Creating a neural network

createNetwork :: (Variate a, Storable a) => Int -> [Int] -> Int -> IO (Network a) Source

The following creates a neural network with n inputs and if l is [n1, n2, ...] the net will have n1 neurons on the first layer, n2 neurons on the second, and so on ending with k neurons on the output layer, with random weight matrices as a courtesy of uniformVector.

createNetwork n l k

fromWeightMatrices :: Storable a => Vector (Matrix a) -> Network a Source

Creates a neural network with exactly the weight matrices given as input here. We don't check that the numbers of rows/columns are compatible, etc.

Computing a neural network's output

output :: (Floating (Vector a), Product a, Storable a, Num (Vector a)) => Network a -> ActivationFunction a -> Vector a -> Vector a Source

Computes the output of the network on the given input vector with the given activation function

tanh :: Floating a => a -> a

tanh' :: Floating a => a -> a Source

Derivative of the tanh function from the Prelude.

sigmoid :: Floating a => a -> a Source

The sigmoid function: 1 / (1 + exp (-x))

sigmoid' :: Floating a => a -> a Source

Derivative of the sigmoid function: sigmoid x * (1 - sigmoid x)

Training a neural network

trainUntil :: (Floating (Vector a), Floating a, Product a, Num (Vector a), Container Vector a) => (Int -> Network a -> Samples a -> Bool) -> a -> ActivationFunction a -> ActivationFunctionDerivative a -> Network a -> Samples a -> Network a Source

Generic training function.

The first argument is a predicate that will tell the backpropagation algorithm when to stop. The first argument to the predicate is the epoch, i.e the number of times the backprop has been executed on the samples. The second argument is the current network, and the third is the list of samples.

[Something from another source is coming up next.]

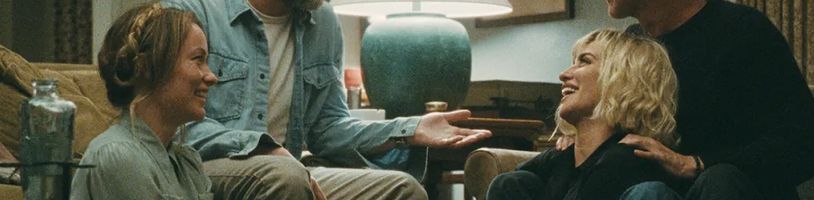 V komorní komedii The Invite od studia A24 se společná večeře sousedů trochu zvrtne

You can thus combine these arguments to create your own criterion.

For example, if you want to stop learning either when the network's quadratic error on the samples, using the tanh function, is below 0.01, or after 1000 epochs, whichever comes first, you could use the following predicate:

pred epochs net samples = if epochs == 1000 then True else quadError tanh net samples < 0.01

You could even use trace to print the error, to see how the error evolves while it's learning, or redirect this to a file from your shell in order to generate a pretty graphics and what not.

The second argument (after the predicate) is the learning rate. Then come the activation function you want, its derivative, the initial neural network, and your training set. Note that we provide trainNTimes and trainUntilErrorBelow for common use cases.

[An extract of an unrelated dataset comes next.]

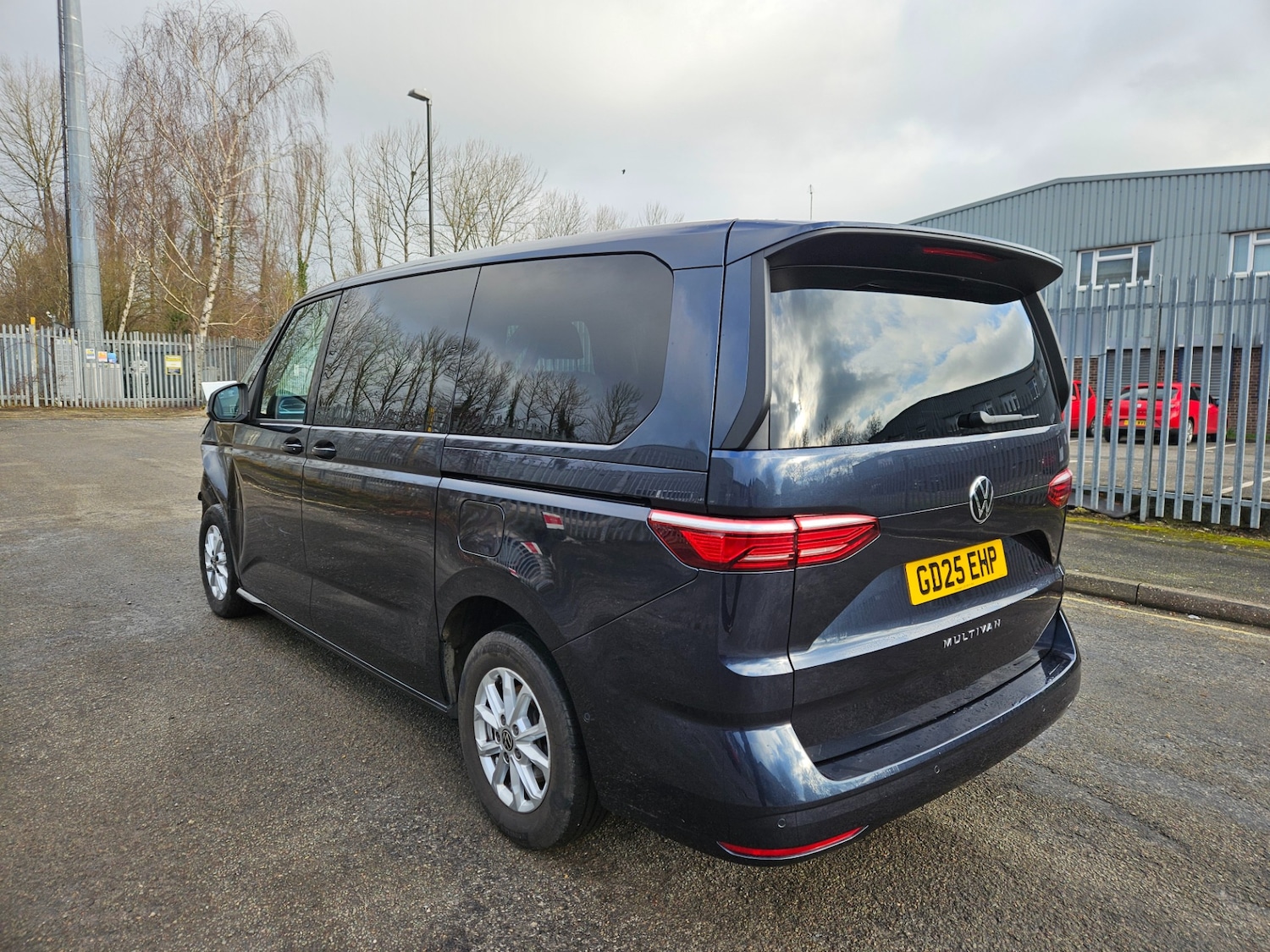 Used Volkswagen Multivan 2025 for sale - 77663519: Photo 10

trainNTimes :: (Floating (Vector a), Floating a, Product a, Num (Vector a), Container Vector a) => Int -> a -> ActivationFunction a -> ActivationFunctionDerivative a -> Network a -> Samples a -> Network a Source

Trains the neural network with backpropagation the number of times specified by the Int argument, using the given learning rate (second argument).

trainUntilErrorBelow :: (Floating (Vector a), Floating a, Product a, Num (Vector a), Ord a, Container Vector a, Num (RealOf a), a ~ RealOf a, Show a) => a -> a -> ActivationFunction a -> ActivationFunctionDerivative a -> Network a -> Samples a -> Network a Source

Trains the neural network until the quadratic error (quadError) comes below the given value (first argument), using the given learning rate (second argument).

Note: this can loop pretty much forever when you're using a bad architecture for the problem, or unappropriate activation functions.

quadError :: (Floating (Vector a), Floating a, Num (Vector a), Num (RealOf a), Product a) => ActivationFunction a -> Network a -> Samples a -> RealOf a Source

Quadratic error on the given training set using the given activation function. Useful to create your own predicates for trainUntil.

Loading and saving a neural network

loadNetwork :: (Storable a, Element a, Binary a) => FilePath -> IO (Network a) Source

Loading a neural network from a file (uses zlib compression on top of serialization using the binary package). Will throw an exception if the file isn't there.

saveNetwork :: (Storable a, Element a, Binary a) => FilePath -> Network a -> IO () Source

Saving a neural network to a file (uses zlib compression on top of serialization using the binary package).